> **TASK OBJECTIVE**
Your answer should be an exact copy of the lines from the start of the entries to the line containing "Safavieh SHEA Glamorous", both included.

Stored items:
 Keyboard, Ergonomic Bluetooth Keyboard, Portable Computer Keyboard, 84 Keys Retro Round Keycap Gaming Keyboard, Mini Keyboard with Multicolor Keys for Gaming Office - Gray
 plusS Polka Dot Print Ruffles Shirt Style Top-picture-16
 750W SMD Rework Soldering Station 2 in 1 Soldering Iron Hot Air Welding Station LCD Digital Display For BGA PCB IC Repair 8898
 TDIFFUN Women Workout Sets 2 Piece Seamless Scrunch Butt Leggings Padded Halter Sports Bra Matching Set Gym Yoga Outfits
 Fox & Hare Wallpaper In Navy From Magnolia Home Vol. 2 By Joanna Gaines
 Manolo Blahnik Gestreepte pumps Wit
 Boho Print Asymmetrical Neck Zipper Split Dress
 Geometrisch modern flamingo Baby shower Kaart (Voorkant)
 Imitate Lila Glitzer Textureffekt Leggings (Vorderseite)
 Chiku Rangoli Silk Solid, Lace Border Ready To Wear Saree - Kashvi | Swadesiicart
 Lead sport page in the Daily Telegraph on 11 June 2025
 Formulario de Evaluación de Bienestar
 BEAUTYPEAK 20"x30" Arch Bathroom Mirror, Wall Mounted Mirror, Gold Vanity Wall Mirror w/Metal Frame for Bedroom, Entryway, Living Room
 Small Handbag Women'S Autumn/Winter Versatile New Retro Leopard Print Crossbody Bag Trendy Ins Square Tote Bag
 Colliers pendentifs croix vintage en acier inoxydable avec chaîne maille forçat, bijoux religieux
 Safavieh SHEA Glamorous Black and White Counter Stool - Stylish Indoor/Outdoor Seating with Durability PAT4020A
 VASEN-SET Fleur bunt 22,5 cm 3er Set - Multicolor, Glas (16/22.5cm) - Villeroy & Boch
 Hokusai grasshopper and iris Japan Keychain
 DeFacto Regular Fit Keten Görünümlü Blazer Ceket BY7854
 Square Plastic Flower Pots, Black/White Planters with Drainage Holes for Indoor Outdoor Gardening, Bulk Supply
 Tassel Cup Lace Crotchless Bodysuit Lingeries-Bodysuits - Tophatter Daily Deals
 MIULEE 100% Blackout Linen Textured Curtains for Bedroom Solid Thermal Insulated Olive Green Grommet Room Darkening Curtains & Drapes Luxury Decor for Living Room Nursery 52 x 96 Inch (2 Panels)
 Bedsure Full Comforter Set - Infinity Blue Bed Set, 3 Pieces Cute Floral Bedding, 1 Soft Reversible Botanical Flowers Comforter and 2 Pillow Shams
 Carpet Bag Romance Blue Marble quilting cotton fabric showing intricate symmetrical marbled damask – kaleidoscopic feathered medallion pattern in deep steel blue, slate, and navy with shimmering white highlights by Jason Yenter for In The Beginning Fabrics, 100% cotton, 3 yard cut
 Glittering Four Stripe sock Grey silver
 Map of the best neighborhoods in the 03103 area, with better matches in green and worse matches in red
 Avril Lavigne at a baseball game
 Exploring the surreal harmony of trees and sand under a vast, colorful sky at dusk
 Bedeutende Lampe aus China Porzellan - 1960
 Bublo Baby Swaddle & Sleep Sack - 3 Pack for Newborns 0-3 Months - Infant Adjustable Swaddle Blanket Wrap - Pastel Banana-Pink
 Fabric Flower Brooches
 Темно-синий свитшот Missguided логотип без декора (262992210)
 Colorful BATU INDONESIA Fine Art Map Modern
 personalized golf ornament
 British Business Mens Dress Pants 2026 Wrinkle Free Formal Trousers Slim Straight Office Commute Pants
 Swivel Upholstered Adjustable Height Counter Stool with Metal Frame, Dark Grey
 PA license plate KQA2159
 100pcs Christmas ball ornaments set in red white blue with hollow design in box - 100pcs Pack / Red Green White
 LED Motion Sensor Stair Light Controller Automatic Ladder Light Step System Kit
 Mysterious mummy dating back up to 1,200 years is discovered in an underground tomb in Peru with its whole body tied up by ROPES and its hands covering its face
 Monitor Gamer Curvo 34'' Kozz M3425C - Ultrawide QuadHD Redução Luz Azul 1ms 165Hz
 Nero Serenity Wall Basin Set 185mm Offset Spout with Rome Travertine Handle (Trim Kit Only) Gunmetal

> **RESPONSE**
 Keyboard, Ergonomic Bluetooth Keyboard, Portable Computer Keyboard, 84 Keys Retro Round Keycap Gaming Keyboard, Mini Keyboard with Multicolor Keys for Gaming Office - Gray
 plusS Polka Dot Print Ruffles Shirt Style Top-picture-16
 750W SMD Rework Soldering Station 2 in 1 Soldering Iron Hot Air Welding Station LCD Digital Display For BGA PCB IC Repair 8898
 TDIFFUN Women Workout Sets 2 Piece Seamless Scrunch Butt Leggings Padded Halter Sports Bra Matching Set Gym Yoga Outfits
 Fox & Hare Wallpaper In Navy From Magnolia Home Vol. 2 By Joanna Gaines
 Manolo Blahnik Gestreepte pumps Wit
 Boho Print Asymmetrical Neck Zipper Split Dress
 Geometrisch modern flamingo Baby shower Kaart (Voorkant)
 Imitate Lila Glitzer Textureffekt Leggings (Vorderseite)
 Chiku Rangoli Silk Solid, Lace Border Ready To Wear Saree - Kashvi | Swadesiicart
 Lead sport page in the Daily Telegraph on 11 June 2025
 Formulario de Evaluación de Bienestar
 BEAUTYPEAK 20"x30" Arch Bathroom Mirror, Wall Mounted Mirror, Gold Vanity Wall Mirror w/Metal Frame for Bedroom, Entryway, Living Room
 Small Handbag Women'S Autumn/Winter Versatile New Retro Leopard Print Crossbody Bag Trendy Ins Square Tote Bag
 Colliers pendentifs croix vintage en acier inoxydable avec chaîne maille forçat, bijoux religieux
 Safavieh SHEA Glamorous Black and White Counter Stool - Stylish Indoor/Outdoor Seating with Durability PAT4020A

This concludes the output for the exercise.